Still applying pressure to her arm, I notice her eyes start to droop, she's looking smaller more fragile and vulnerable this is all my fault, if only Bea would hurry up. She looks at me her eyes empty, emotionless " I- I need sl-eep" she whispers, this can't be good I gently shake her as her eyes shut and her breathing rapidly slows down, panicking I carry on shaking her "Alicia, Alicia wake up come on, Alicia can you hear me?" I scream but there's no response, her pulse is weak and threats but it's there.

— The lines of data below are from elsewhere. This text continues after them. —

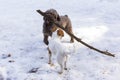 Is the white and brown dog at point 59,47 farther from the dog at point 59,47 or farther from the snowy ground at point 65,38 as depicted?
the snowy ground at point 65,38

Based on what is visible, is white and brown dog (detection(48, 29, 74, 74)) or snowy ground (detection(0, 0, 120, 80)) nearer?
white and brown dog (detection(48, 29, 74, 74))

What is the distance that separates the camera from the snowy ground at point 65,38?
8.48 meters

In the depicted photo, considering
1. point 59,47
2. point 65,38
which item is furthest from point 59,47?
point 65,38

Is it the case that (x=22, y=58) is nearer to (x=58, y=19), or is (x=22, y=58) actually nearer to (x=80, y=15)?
(x=58, y=19)

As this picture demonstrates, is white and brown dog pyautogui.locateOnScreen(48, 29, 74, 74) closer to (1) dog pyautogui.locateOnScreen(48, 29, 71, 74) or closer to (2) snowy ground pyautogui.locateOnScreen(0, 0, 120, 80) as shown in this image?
(1) dog pyautogui.locateOnScreen(48, 29, 71, 74)

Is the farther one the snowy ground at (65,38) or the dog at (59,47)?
the snowy ground at (65,38)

Bra suddenly emerges from upstairs "Bea she's lost conscious, we need to get her to the hospital now!" I explain going into doctor mode, we both know it's not looking good as we begin to apply the home made tourniquet. Bea looks at her with sorrow in her eyes but talks directly alone "why, why couldn't you just leave her alone?" She requires no answer but even if she did I don't know why I did this why I ruined her life them made out she was crazy, what happened to the person I was. I stare at her unconcious, broken form she doesn't deserve any of this. What kind of monster am I?
Finally we are in the car on the way to the hospital, Eddie starts driving as Alicia regains consciousness she begins to get agitated, disorientated as she cry's out in pain as I tighten the make do tourniquet, I whisper reassuring words to her that she will be okay, Ethan will come to her rescue and she will heal around her friends who are like family. I look at Eddie who is concentrating on the road a look of concern on his face " what, what have you done now?" I shout as he suddenly swerves to avoid a car, "Eddie what's going on?" I practically scream at him as he tries to regain control of the car, Alicia looks petrified as she sees an over turned ambulance, and then suddenly bright lights as a car comes speeding towards. Then there's silence Eddie managed to avoid the speeding car and we sigh in relief until another car crashes into the back of us and suddenly the car is out of control, the three of us screaming uncontrollably, then we stop "Eddie, are you okay?" I ask as i see blood trickling down the side of his head "Alicia!" He screams as another car crashes into us overturning the veichle as again we are screaming for are lives and then darkness.